**Problem**
Your answer consists of the lines in the data that contain "Apartamento". Copy each of them.

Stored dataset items
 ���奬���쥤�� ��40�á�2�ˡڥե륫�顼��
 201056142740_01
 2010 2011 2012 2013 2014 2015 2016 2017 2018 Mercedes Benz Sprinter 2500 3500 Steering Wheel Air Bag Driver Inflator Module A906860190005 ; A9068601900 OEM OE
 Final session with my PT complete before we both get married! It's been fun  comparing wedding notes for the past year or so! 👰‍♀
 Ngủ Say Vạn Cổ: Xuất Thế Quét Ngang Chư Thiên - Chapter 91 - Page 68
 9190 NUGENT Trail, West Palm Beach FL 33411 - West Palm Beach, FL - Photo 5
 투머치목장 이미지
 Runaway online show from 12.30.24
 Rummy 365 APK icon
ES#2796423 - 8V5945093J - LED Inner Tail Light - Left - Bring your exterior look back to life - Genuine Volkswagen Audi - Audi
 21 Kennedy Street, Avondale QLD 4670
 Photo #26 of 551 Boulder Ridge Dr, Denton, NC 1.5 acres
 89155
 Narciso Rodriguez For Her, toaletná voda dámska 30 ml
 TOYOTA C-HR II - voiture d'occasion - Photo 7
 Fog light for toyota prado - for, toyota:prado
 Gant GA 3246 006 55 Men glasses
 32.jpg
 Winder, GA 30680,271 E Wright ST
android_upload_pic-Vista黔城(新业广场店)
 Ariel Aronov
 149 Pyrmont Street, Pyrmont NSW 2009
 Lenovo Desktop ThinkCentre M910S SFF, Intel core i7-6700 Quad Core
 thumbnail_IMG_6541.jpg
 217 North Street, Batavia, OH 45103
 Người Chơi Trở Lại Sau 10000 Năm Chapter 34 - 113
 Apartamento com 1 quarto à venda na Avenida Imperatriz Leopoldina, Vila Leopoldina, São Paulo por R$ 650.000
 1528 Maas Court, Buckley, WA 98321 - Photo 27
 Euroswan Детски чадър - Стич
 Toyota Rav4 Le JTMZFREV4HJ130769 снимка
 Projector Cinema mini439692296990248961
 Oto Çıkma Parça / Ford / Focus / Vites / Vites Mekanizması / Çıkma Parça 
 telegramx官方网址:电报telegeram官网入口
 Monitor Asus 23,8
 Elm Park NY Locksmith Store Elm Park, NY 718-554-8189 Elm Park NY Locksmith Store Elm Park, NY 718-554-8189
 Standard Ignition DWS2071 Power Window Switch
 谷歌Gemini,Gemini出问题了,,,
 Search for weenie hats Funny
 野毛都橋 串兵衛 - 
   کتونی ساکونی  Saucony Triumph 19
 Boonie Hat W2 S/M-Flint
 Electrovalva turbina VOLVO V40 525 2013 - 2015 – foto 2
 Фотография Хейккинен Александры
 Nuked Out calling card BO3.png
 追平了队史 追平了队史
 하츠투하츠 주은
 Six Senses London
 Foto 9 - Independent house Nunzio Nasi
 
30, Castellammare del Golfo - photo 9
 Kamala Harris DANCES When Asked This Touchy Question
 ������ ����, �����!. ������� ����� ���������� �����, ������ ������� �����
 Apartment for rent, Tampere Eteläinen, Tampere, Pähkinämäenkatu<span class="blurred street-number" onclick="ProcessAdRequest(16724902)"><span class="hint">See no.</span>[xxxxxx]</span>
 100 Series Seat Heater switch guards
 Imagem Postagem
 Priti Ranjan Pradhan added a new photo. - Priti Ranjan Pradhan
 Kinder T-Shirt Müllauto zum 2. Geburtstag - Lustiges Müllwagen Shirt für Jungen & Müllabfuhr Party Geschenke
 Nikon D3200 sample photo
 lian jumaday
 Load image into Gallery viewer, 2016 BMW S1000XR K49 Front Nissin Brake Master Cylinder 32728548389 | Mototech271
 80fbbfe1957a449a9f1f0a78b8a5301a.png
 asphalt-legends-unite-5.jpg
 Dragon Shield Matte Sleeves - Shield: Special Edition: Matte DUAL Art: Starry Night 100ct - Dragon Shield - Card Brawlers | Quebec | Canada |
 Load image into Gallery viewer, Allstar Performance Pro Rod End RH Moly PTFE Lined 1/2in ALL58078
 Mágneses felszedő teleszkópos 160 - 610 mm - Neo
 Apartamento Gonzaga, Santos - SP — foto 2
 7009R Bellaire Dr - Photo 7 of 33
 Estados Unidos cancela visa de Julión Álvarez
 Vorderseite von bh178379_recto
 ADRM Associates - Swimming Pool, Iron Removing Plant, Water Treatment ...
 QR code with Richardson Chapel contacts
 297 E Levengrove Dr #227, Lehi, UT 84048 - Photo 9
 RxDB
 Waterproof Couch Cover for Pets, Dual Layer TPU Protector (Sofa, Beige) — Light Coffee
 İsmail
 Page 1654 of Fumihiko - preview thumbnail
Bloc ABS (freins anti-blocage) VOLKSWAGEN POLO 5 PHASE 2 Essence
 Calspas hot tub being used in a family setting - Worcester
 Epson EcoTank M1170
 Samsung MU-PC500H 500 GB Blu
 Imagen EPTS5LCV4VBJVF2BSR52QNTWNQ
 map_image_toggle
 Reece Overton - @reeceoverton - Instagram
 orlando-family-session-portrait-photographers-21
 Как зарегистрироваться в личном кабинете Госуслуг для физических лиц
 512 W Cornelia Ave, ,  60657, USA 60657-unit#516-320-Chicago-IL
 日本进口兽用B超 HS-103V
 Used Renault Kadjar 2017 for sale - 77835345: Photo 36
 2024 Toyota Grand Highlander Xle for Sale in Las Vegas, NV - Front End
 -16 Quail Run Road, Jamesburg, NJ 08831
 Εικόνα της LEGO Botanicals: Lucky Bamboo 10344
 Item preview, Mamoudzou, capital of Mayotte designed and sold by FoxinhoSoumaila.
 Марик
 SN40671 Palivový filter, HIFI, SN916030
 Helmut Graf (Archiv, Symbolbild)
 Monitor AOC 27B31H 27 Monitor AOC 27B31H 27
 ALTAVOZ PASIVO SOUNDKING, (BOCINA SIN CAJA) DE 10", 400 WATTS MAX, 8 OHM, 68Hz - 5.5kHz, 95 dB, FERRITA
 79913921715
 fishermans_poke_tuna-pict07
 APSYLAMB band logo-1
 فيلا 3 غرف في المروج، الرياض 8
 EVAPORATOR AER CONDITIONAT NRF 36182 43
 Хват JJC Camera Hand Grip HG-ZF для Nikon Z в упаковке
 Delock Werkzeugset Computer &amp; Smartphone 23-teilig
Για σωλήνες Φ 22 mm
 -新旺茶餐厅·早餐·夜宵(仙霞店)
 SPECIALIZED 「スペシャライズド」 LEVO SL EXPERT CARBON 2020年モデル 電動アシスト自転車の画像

**Result of the exercise**
 Apartamento com 1 quarto à venda na Avenida Imperatriz Leopoldina, Vila Leopoldina, São Paulo por R$ 650.000
 Apartamento Gonzaga, Santos - SP — foto 2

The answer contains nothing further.